A number of vocational schools in Huai'an, Jiangsu province, have required students to do internships at Foxconn Technology Group, making USB data lines for the new iPhone handset as its release date draws near.
A student named Song from the Open University of Huai'an said she could not get the credit needed for graduation if she refused.
"The university told us it's a good way to experience corporate culture," the 19-year-old said. "Even though many of my classmates are reluctant to go to Foxconn, our teachers still asked us to work there starting in August."
She added that almost all the vocational schools in the city, including some related to food science and finance, have sent students to Foxconn, Apple's largest supplier. Her university provided more than 3,000 students.
Wang Yan, Song's mother, said she cannot understand why the university sent her daughter, a preschool education major, to make USB data lines of smartphones at Foxconn.
"I don't mind if my daughter finds a part-time job during the summer vacation," Wang said. "But spending school hours on such nonsense is a waste of time."
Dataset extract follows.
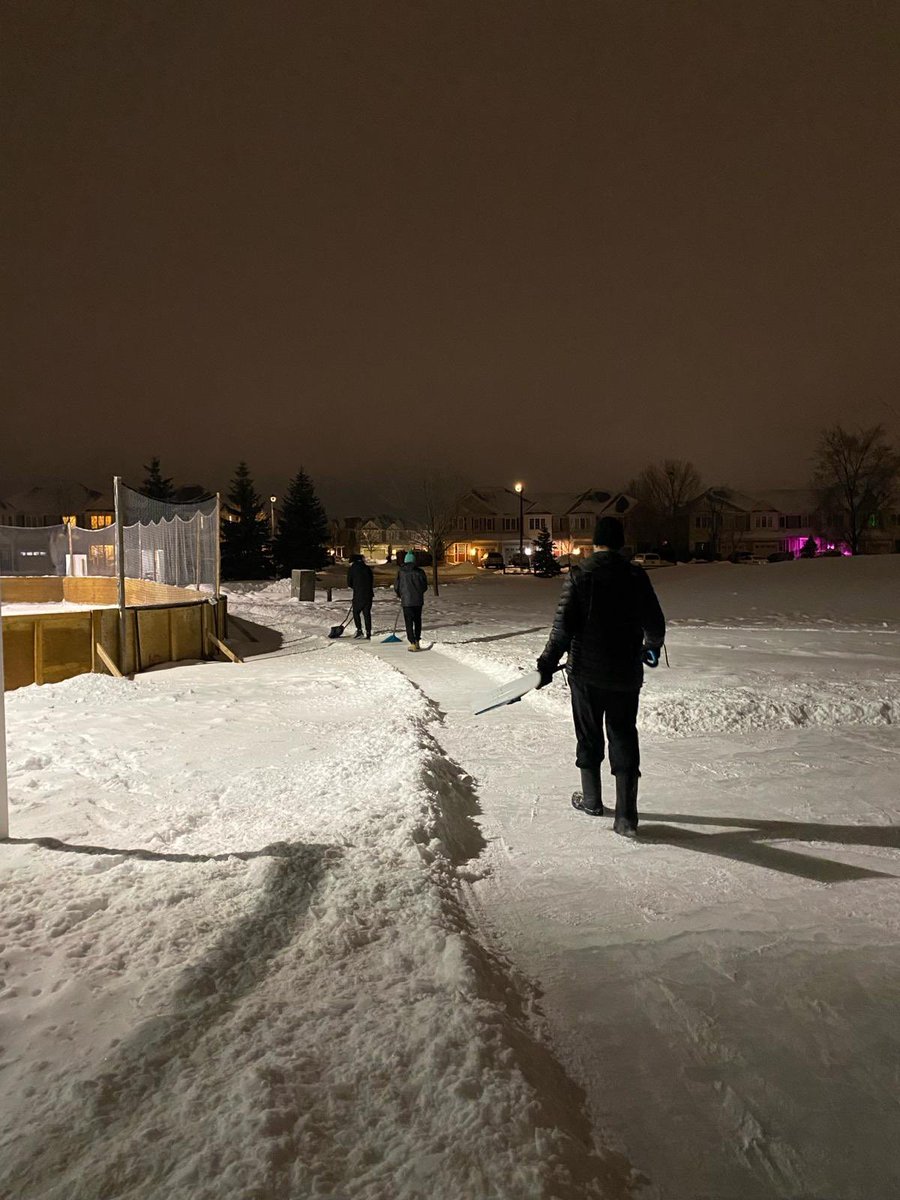 Dedicated volunteers scraping both main and puddle rink this evening so the ferocious freezing rain will not create too many bumps and we will have better edges since kids can’t lift snow over the boards yet ;)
An English major named Zhao confirmed that the students just put together components of USB data lines at the factory.
"I don't think we can improve our skills through that 'internship' the schools are requiring," the sophomore said.
The students earn a basic salary of 1,550 yuan ($244) a month, she said. They have to work overtime if they are unable to finish the day's task on time.
However, a teacher named Tao at the city's College of Information Technology defended the "internship", saying it provides a good opportunity for the students to experience real life.
"They'll know how hard work can be and will appreciate their future jobs more after the internship," she said.
She said that students have gone back to school since internships were reported in the media.
The Huai'an government said that all vocational schools must follow the policies of education departments and any violations, such as the Foxconn internships, must cease.
An employee from the human resources department at Foxconn's Huai'an plant conceded that the approaching launch of Apple's new handset has brought big orders to the plant.
"The high demand for the handset has led to us being short-staffed at the plant," said the woman on condition of anonymity. "It's been even worse since some people finished their summer jobs and left."
On Tuesday, Apple sent out invitations to a media event on Sept 12 related to the next iPhone, which is rumored to go on sale on Sept 21.
According to Huai'an's Taiwan affairs office, Foxconn, whose headquarters are in Taiwan, has invested more than $210 million to establish new production lines for Apple components in the city.
"Though Chinese law allows students to work as interns, it cannot be applied to those working for Foxconn," said Yu Fangqiang, a lawyer and executive director of Justice for All, an NGO in Nanjing, Jiangsu province.
"The students worked at least eight hours a day and didn't have a supervisor, which makes them more full-time employees than interns," Yu said.
The vocational schools violated the students' rights to an education by requiring they work for Foxconn, he said, and the students can report that to local governments or file lawsuits to protect themselves.